» **Task brief**:
Output range, inclusive: from the line containing "Drywall Screw - Black" to the line containing "Dkny Locksmith - Raleigh, NC". Restate those lines from the data below word for word and only those.

» **Data excerpts**:
BEGIN

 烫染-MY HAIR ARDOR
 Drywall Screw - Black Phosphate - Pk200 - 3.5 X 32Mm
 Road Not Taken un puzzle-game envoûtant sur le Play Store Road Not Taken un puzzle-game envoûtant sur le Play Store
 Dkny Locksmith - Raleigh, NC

END
BEGIN

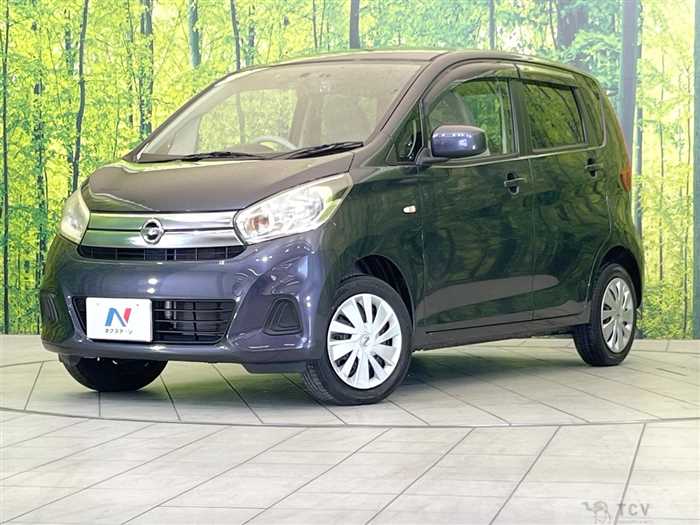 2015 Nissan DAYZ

END

» **Written solution**:
 Drywall Screw - Black Phosphate - Pk200 - 3.5 X 32Mm
 Road Not Taken un puzzle-game envoûtant sur le Play Store Road Not Taken un puzzle-game envoûtant sur le Play Store
 Dkny Locksmith - Raleigh, NC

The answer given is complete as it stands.